Mais il faisait le choix d’être un bon agent plutôt qu’un bon petit ami.
Elle comprenait très bien et elle n’en tomba que plus amoureuse de lui.
« Je ne suis pas stupide, Mac, » dit-il. « Tu es fâchée. Je peux t’accompagner. Ce n’est pas grave. »
« Je ne suis pas fâchée… pas sur toi. Je déteste juste la manière dont cette enquête me fait sentir comme deux personnes différentes. Mais tu as raison. Il faut que tu restes ici. »
Elle lui donna un petit baiser au coin des lèvres et se dirigea vers la porte.
« Tu pars tout de suite ? »
« C’est mieux que de prolonger et d’être encore plus contrariée, tu ne trouves pas ? Je t’appelle dès que j’ai trouvé une chambre. »
« Tu es sûre que c’est ce que tu veux ? » demanda-t-il.
Je ne sais pas ce que je veux, pensa-t-elle. Et c’est ça, le problème. Au lieu de ça, elle se contenta de répondre : « Oui. C’est ce qu’il y a de mieux à faire. Je t’appelle vers minuit. »
Sur ces mots, elle quitta la salle de conférence. Elle dut se forcer pour ne pas retourner en arrière et lui expliquer qu’elle n’avait aucune idée pourquoi sa proposition de se séparer la dérangeait autant. Mais au lieu de ça, elle continua.
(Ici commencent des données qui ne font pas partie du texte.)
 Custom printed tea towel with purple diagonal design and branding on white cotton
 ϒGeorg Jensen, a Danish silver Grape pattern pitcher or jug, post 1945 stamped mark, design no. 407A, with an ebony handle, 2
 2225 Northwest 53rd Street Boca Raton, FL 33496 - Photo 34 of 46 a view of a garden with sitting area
Elle garda les yeux baissés, ne souhaitant parler à personne, tout en se dirigeant vers la réception pour y demander une voiture.
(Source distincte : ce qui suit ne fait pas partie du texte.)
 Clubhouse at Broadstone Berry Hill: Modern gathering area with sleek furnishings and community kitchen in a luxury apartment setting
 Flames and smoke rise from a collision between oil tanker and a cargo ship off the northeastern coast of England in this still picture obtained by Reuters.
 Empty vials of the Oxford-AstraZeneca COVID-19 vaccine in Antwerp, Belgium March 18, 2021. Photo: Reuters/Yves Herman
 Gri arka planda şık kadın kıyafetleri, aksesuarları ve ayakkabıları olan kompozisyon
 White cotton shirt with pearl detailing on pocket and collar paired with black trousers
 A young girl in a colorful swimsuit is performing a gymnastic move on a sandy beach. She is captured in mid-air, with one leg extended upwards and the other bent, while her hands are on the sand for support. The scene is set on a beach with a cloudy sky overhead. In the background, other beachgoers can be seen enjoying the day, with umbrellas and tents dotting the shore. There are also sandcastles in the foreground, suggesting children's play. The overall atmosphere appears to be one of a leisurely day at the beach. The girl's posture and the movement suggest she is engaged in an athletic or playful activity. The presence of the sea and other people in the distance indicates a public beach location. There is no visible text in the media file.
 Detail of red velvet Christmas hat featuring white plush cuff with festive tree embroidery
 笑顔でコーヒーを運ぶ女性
Avec le recul, Mackenzie pensa finalement qu’elle aurait mieux fait de passer la nuit à Omaha et de faire la route jusqu’au comté de Morrill durant la journée. Traverser la petite ville de Belton à minuit cinq était plus que sinistre. Il n’y avait pratiquement aucune voiture sur la route et les seules lumières visibles étaient les réverbères le long de Main Street et quelques enseignes lumineuses aux vitrines de bars ainsi qu’au seul endroit qu’elle cherchait actuellement à atteindre, l’unique motel de la ville.